Doch im Laufe der Siebziger Jahre traf sie im Umfeld von il manifesto auch auf Frauen, die „anders“ waren: Feministinnen, die ihre politische Passion teilten, allerdings nicht nur die sozialliberalen Reformbestrebungen ablehnten, sondern auch die sozialistisch-kommunistischen Revolutionsversprechen zurückwiesen. Sie drängten im Namen der sexuellen Differenz auf eine radikale Transformation der Geschlechter- und Gesellschaftsordnung. 

Als sie 1978 eingeladen wurde, für das Kulturprogramm von Radio Rai3 eine Sendereihe zum Verhältnis von Frauen zur Politik zu gestalten, nahm Rossanda die Herausforderung der „Anderen“ an: Ausgehend von einer Reihe politischer Schlagwörter suchte sie mit ihren feministischen Gesprächspartnerinnen die Krise der modernen (linken) Politik zu ergründen und die feministische Kritik als Impuls für eine Neudefinition des Politischen zu verstehen.[7]

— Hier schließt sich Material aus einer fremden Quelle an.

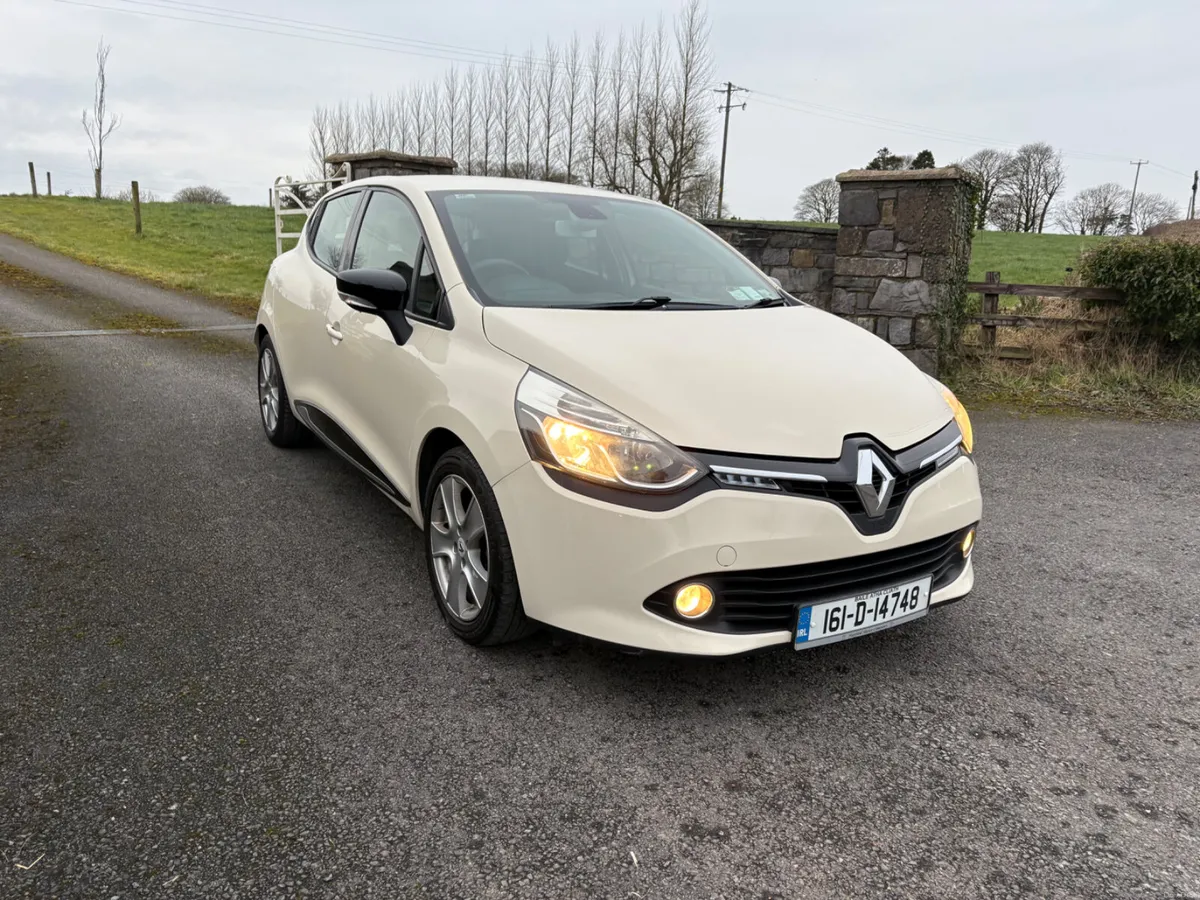 Renault Clio 2016 - Image 1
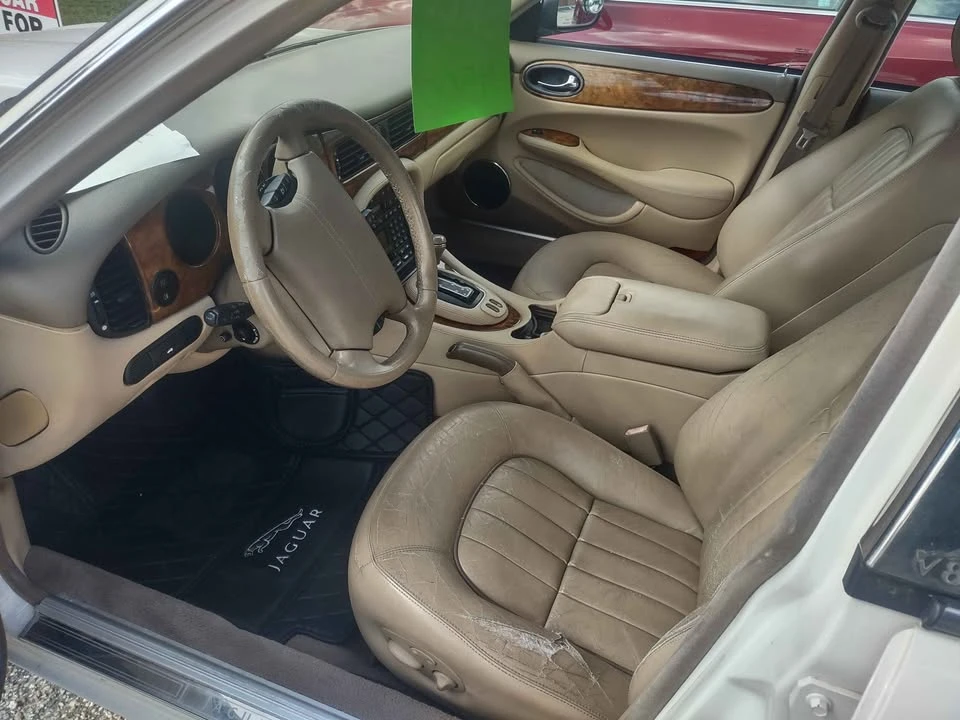 2003 Jaguar X308 XJ - Image 8 of 10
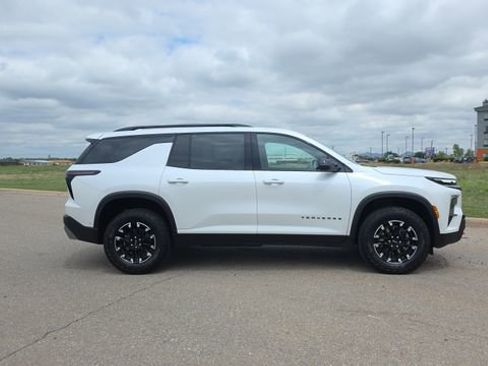 Used 2024 Chevrolet Traverse Z71 w/ Enhanced Driving Package image 5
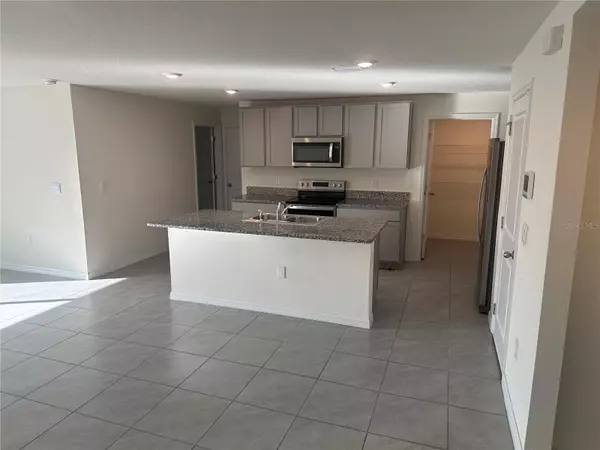 Wimauma, FL 33598,16626 MOSAIC OAR DR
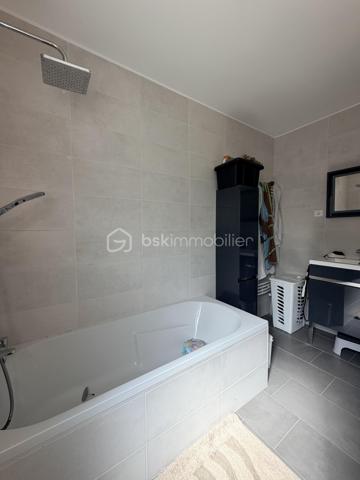Maison située dans un quartier calme, à proximité des écoles et de toutes les commodités.

Elle comprend au rez-de-chaussée une entrée, une cuisine ouverte sur un agréable salon-séjour, deux chambres, une salle d'eau, un WC indépendant, un garage ainsi qu'un cellier.

À l'étage, un palier dessert deux chambres supplémentaires.

Vous bénéficierez également d'une cave extérieure.

Le tout dans un environnement recherché, idéal pour une famille en quête de confort et de tranquillité.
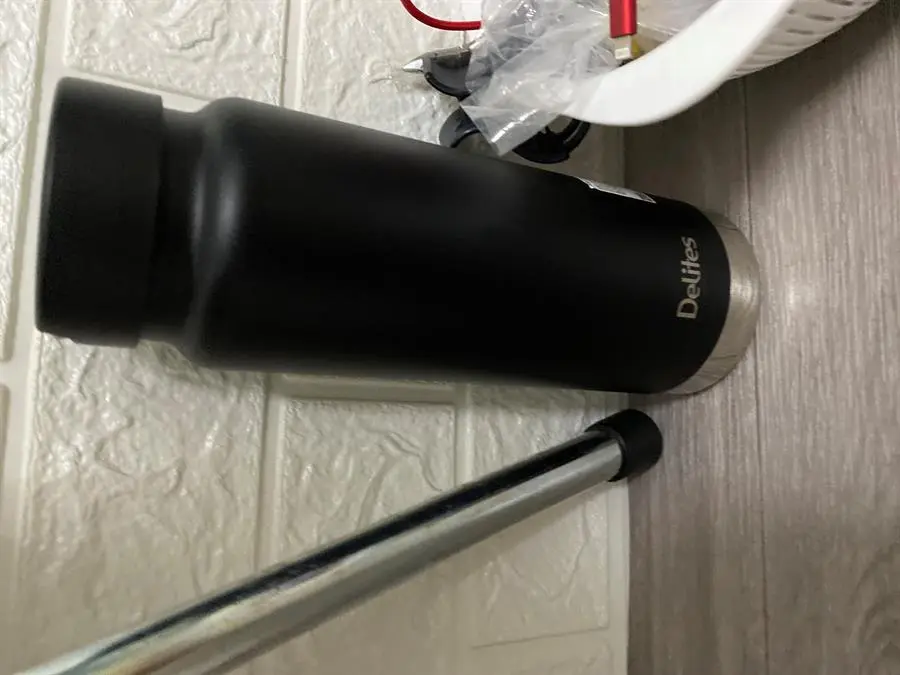 Khách hàng review Bình giữ nhiệt inox 750 ml Delites LOOP-075YGS 3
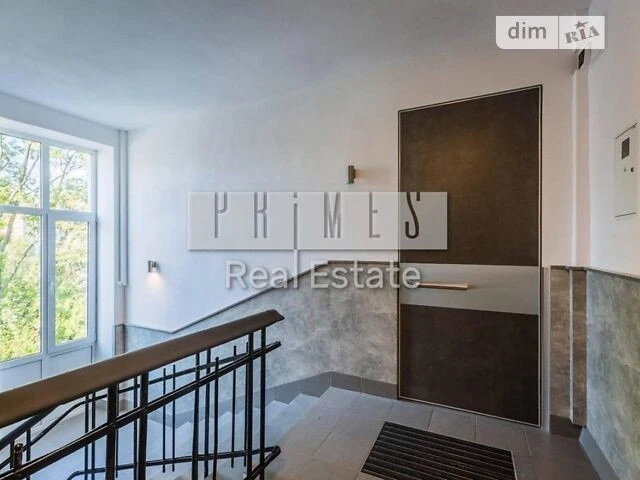 Sale of 6-room apartment 274 sq. m. on Akademika Bogomoletsa 7/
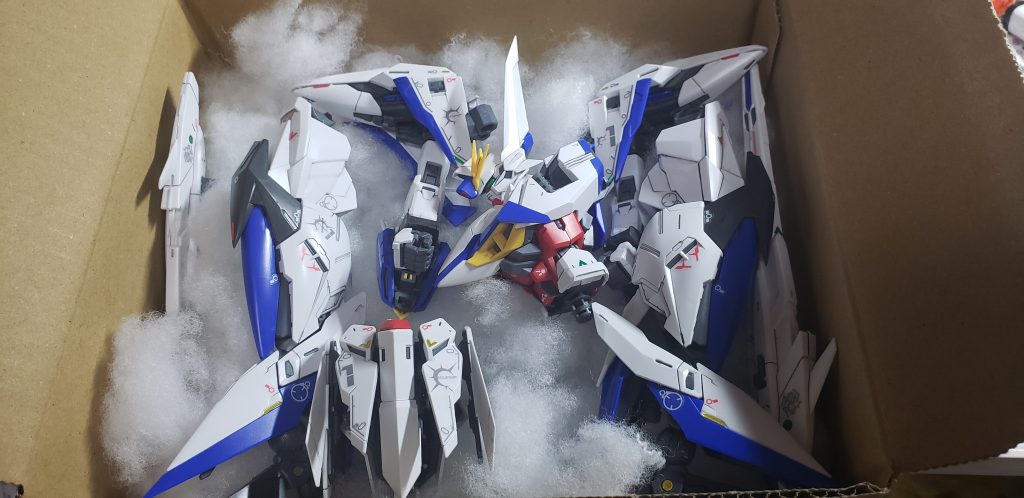 ちょっと見づらいですが細かい所にメタリックデカールを貼ったおかげで情報量も増えて個人的に満足でした!!この時に筋彫りにも挑戦してみたくなってしまって今月器具を買ったのはまた別の話…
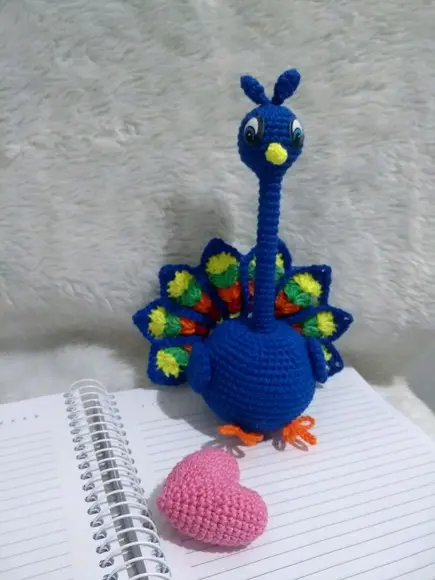 Amigurumi Pavão , porta caneta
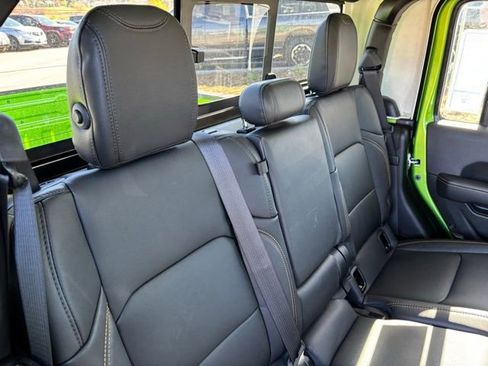 Certified 2025 Jeep Gladiator High Tide image 24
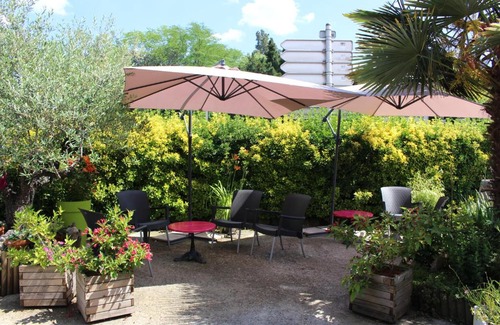 Parentis-en-Born Hotel | Rest 'In Born
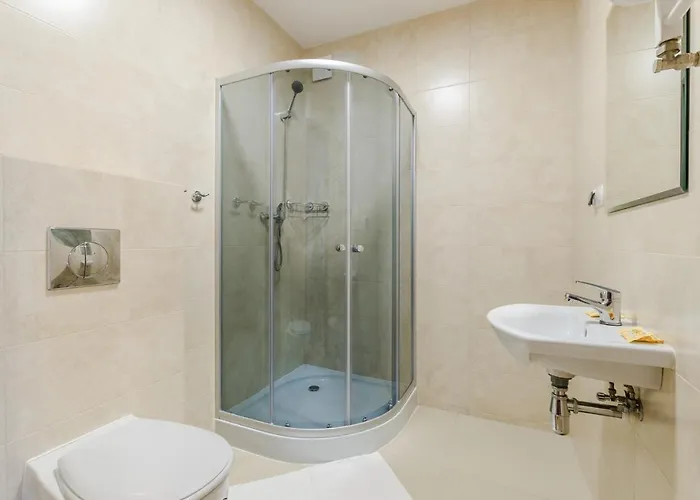 Ramzes-pokoje Z Balkonami,parking,blisko Do Plazy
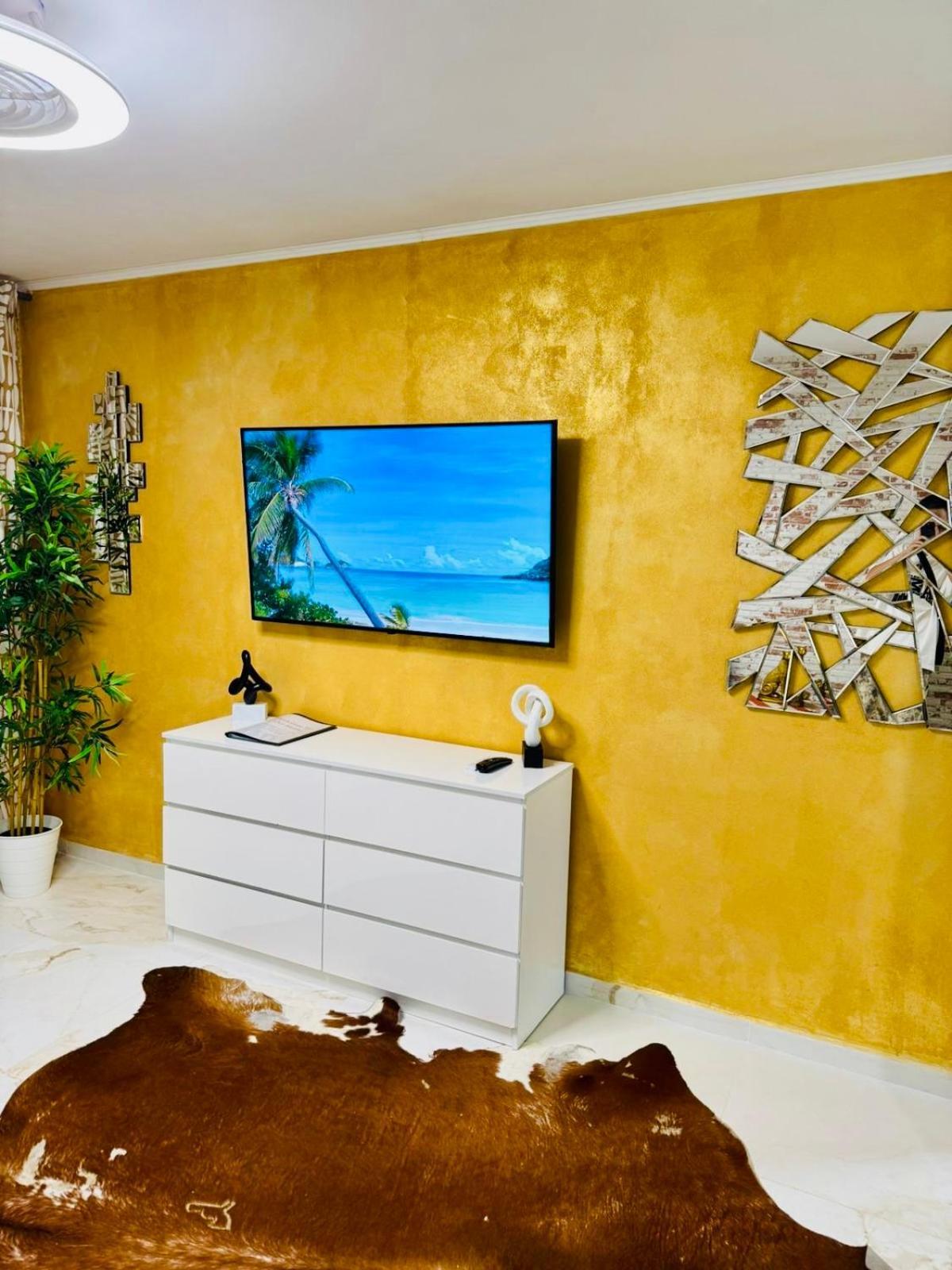 Apartment With Terrace And Pool, Los Cristianos Los Cristianos (Tenerife) Eksteriør billede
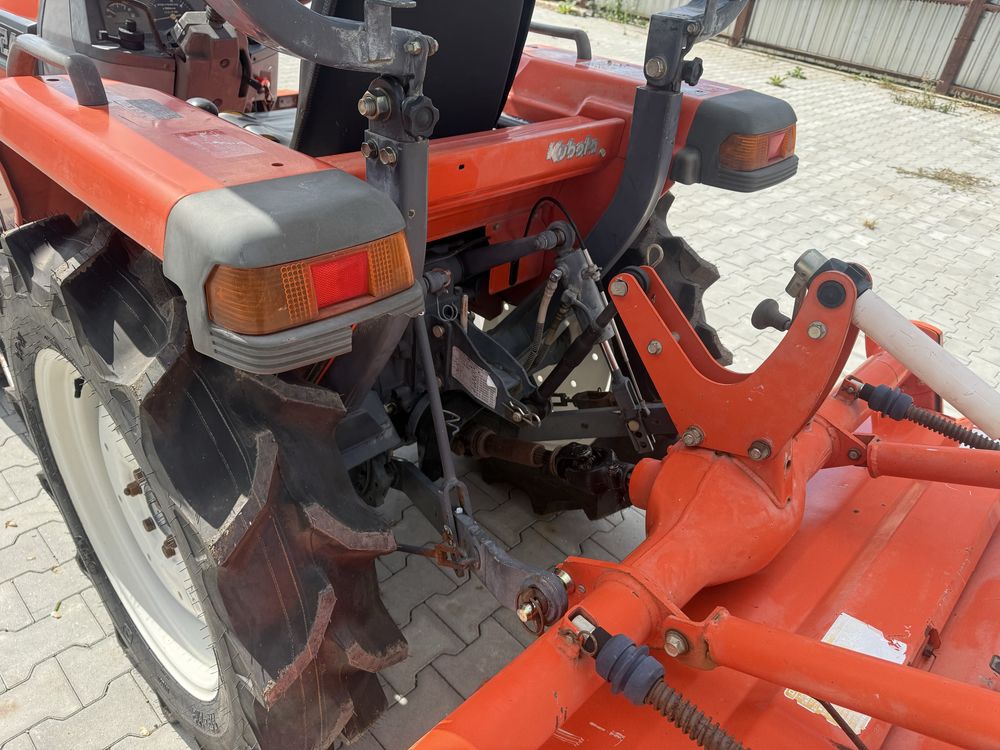 Японський трактор Kubota GL241
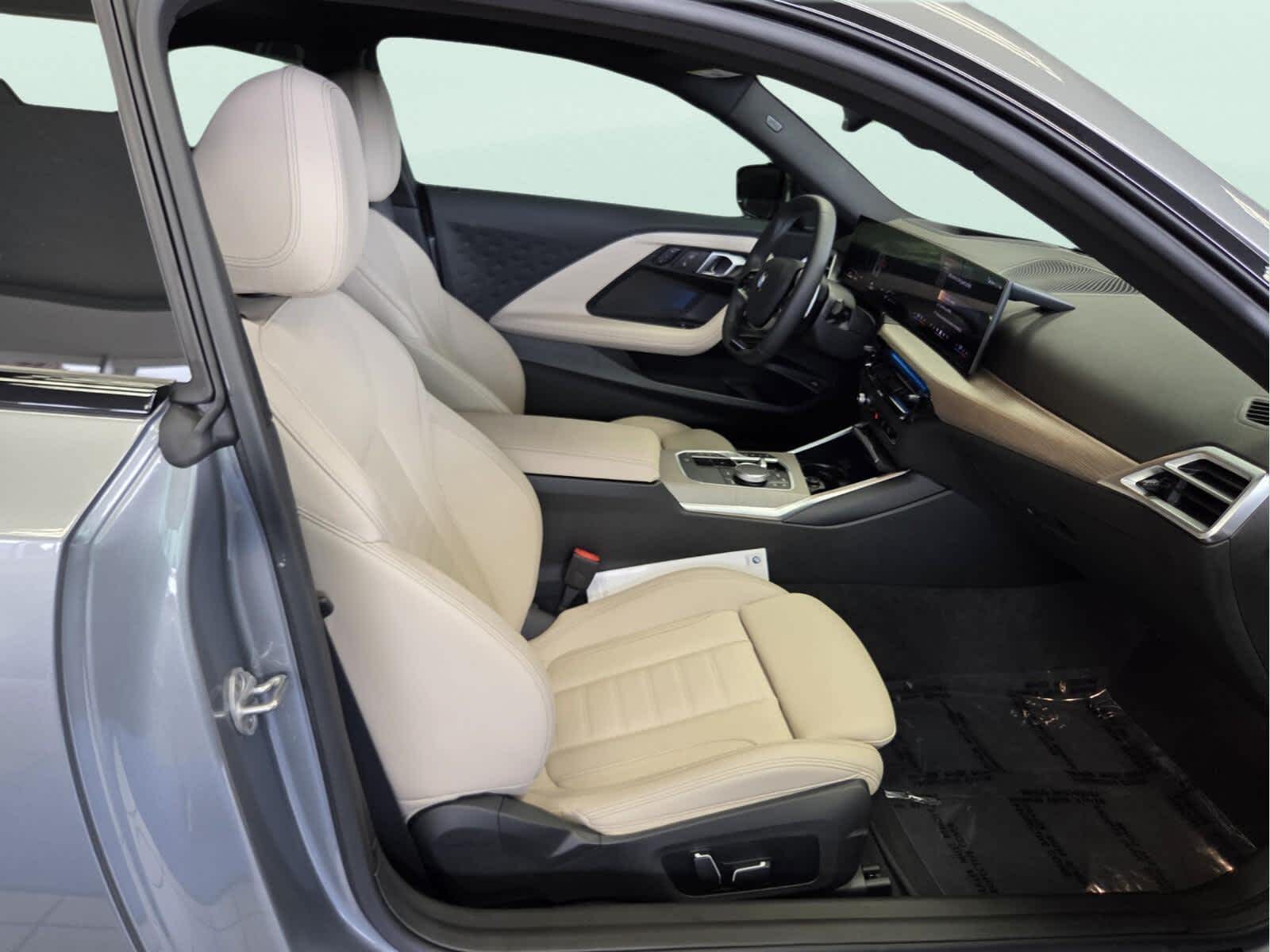 2026 BMW 230i 230i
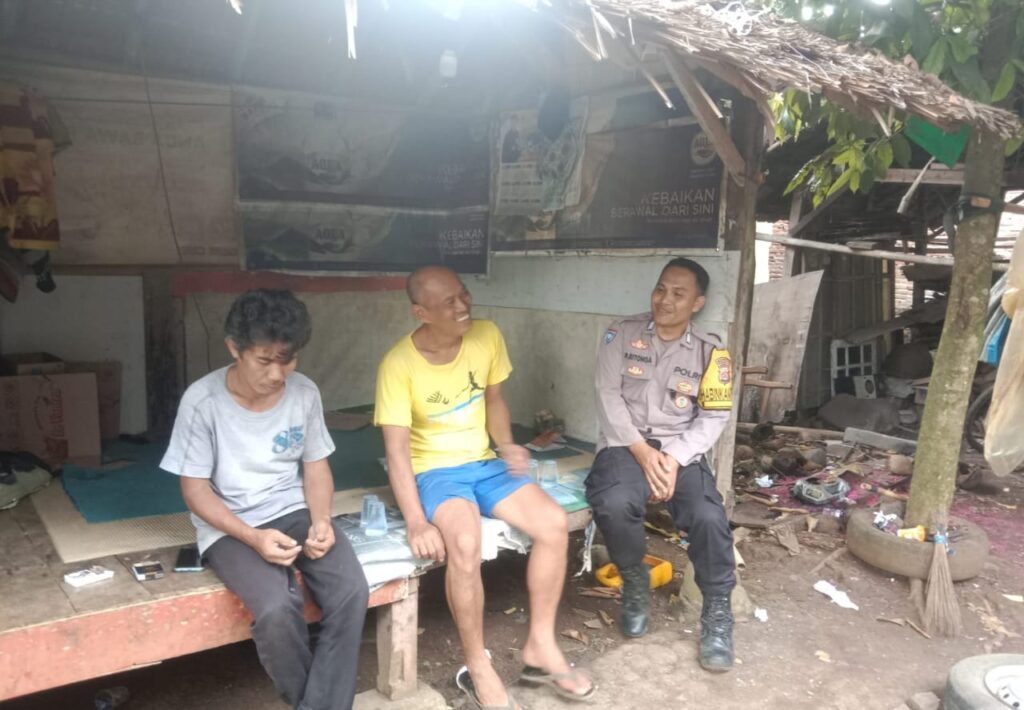 Bhabinkamtibmas Polsek Cikedal Bertemu dengan Tokoh Pemuda dalam Upaya Pemberian Pemahaman Hukum 8 WhatsApp Image 2023 10 18 at 10.30.58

Aus diesem Dialog entwickelte Rossanda ein anderes Bewusstsein für ihr Frausein. „Denn sobald mir die Sprache der Frauen nicht mehr als regressiv oder unausgegoren erschien, nicht mehr als eine erlittene Verkürzung, sondern als eine gewollte, als ein Signal, […] konnte ich sie nicht mehr überhören und betrachtete die Frauen mit neuen Augen. Dieses Geschlecht, das kein Geschlecht ist, wurde mir nun zu einem.“[8]

Die Achtziger Jahre sollten zur produktivsten Phase in Rossandas wechselhaftem Verhältnis zum Feminismus werden. Die Tageszeitung Il manifesto öffnete sich feministischen Themen und Debatten, parallel beteiligte sich Rossanda an mehreren feministischen Zeitschriftenprojekten: In Rom gehörte sie zu den Begründerinnen des Monatshefts für Politik und Kultur Orsaminore (1981-1983). Für die erste Ausgabe schrieb sie den Essay „Zur Frage der weiblichen Kultur“, dessen Übersetzung die feministischen studien  in Heft 1/1989 publizierten. In der Nachfolge von Orsaminore entstand die Zeitschrift Reti (1987-1992), in der rund um die geopolitische Wende von 1989 gemeinsam mit Feministinnen aus dem Umfeld des PCI über Ziele und Prioritäten einer Politik der Geschlechterdifferenz diskutiert wurde. Außerdem publizierte Rossanda Beiträge zu den Themen Literatur, Körperlichkeit und Sexualität in der psychoanalytisch inspirierten Zeitschrift Lapis (1987-1996)[9] und begleitete die Arbeit der von Historikerinnen initiierten Zeitschrift Memoria (1981-1991).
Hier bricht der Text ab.